祖父は山梨県の出身なので、山梨の知人から、庄内柿よりやや大型の似た形をしている富有柿が毎年送られてくるが、こちらの柿の甘さはいまいち好きではない。また、干し柿にするような先の細くなっている柿はあまり好きではない。私は好みがうるさいのである。
死んだ父の柿の好みは私と逆で、崩れそうに柔らかくなった柿をズズッ〜とすすって食べるのが好きだった。親子でも好みがまったく違ったのだ。
私の好きな庄内柿は、昔は渋柿がかなり混じっていた。当時の見分け方として皮がまだ薄緑色をしているものは、米びつの中に入れて渋みを取ってから食べたものだ。ここ最近の柿で渋柿に当たることはなかった。品種改良でもしたのだろうか?たとえ、まだ薄緑色の皮の柿であっても渋柿ではない。
昨晩の夕食時に、母が2個の柿を持って来てデザートに食べようと言う。一個は柔らかくなる寸前の朱色になった柿、もう一個はまだ色が薄い固い柿である。
当然ながら、朱色の柿の方が甘かろうと思い、薄い色の固そうな柿から先に食べたらこれが甘くて美味しかった。
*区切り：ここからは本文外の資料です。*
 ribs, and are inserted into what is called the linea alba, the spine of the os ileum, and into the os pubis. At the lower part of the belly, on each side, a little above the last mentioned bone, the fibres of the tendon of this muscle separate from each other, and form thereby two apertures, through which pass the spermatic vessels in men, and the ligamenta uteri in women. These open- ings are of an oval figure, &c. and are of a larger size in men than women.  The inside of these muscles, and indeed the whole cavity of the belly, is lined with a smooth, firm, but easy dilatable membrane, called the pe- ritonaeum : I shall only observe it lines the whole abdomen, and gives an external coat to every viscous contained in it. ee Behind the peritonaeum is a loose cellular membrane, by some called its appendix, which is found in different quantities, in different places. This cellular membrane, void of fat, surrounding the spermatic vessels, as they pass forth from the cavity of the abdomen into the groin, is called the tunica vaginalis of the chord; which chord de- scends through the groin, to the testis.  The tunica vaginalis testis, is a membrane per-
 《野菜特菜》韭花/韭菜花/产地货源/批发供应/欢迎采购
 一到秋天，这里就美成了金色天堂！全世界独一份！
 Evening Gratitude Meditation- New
母も妻も同じ様に考えたのだろう私と同じに薄い色の柿から先に食べたのであった。
次に朱色の丁度美味しそうな柿を口にしたら、何とこれが強烈に渋い柿であった。渋柿に当たったのは久し振りのことだ。
口の中の歯の表面に柿の渋みがネットリと張り付くような感覚がする。すぐにウェッと吐き出して口をゆすいだがなかなか取れない。不幸なことに私が一番先に朱色の柿を口にしてしまったのである。
完全に熟しているように見えたのに・・・。
母は朱色に熟した柿を口にするのを止めた。妻に、少しだけ食べてごらんと言ったら、妻は一口だけ食べて確かに渋いと確かめてから、そのまま食べずに捨てた。
柿の渋さは、口の中に後々まで残るのが何とも厄介なのだ。
久し振りに渋柿を口にして昔を思い出した次第である。